● **The task**
Quote the entries below from the line with "Carbeth Plants 1500G" through the line with "Ivy Variegated Gold Child", both ends included, and only those lines.

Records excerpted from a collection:
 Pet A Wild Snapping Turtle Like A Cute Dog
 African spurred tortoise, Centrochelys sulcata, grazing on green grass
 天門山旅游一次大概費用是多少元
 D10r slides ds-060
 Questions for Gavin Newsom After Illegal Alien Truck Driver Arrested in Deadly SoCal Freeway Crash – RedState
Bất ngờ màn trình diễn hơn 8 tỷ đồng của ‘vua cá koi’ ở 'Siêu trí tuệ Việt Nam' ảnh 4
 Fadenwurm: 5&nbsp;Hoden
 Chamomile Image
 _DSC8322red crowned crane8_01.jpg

---

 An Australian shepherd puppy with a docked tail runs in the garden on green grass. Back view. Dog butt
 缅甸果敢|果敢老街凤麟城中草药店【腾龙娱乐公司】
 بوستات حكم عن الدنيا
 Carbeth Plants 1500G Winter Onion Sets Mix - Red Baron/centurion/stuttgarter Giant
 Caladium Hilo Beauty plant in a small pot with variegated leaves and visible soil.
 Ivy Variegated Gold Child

● **Answer to the problem**
 Carbeth Plants 1500G Winter Onion Sets Mix - Red Baron/centurion/stuttgarter Giant
 Caladium Hilo Beauty plant in a small pot with variegated leaves and visible soil.
 Ivy Variegated Gold Child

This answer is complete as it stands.